━━━ Exercise inputs ━━━
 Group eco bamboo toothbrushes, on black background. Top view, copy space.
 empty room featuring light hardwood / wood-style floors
━━━
━━━ Exercise inputs ━━━
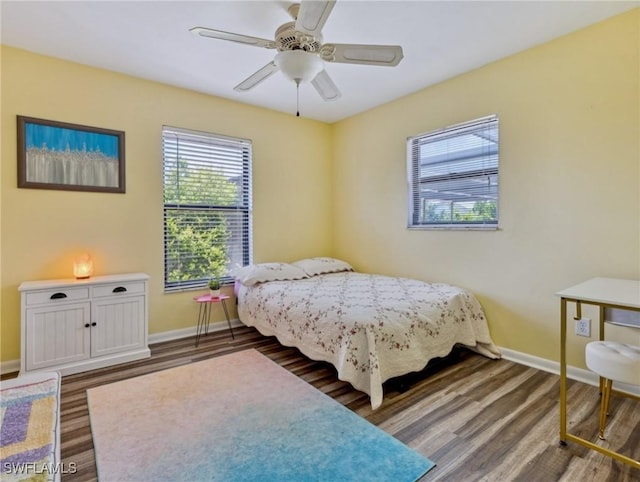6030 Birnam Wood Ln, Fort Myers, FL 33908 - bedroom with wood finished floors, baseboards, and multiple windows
━━━
━━━ Exercise inputs ━━━
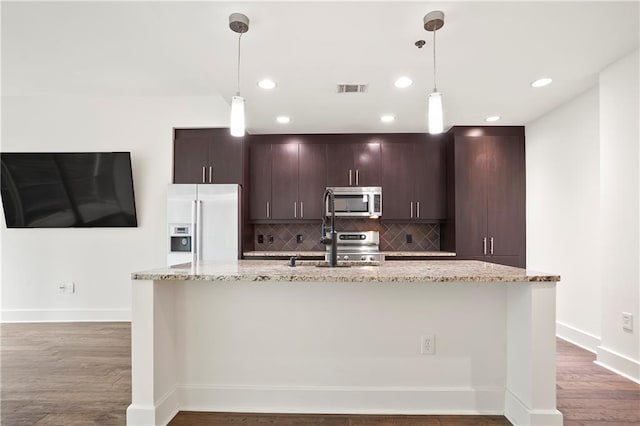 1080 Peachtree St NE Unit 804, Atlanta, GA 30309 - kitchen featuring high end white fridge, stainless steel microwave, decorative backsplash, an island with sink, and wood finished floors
━━━
Task item:
Take the lines above from the one containing "Group eco bamboo" to the one containing "empty room featuring" and retype them exactly, both ends included, with nothing added.

Worked solution:
 Group eco bamboo toothbrushes, on black background. Top view, copy space.
 empty room featuring light hardwood / wood-style floors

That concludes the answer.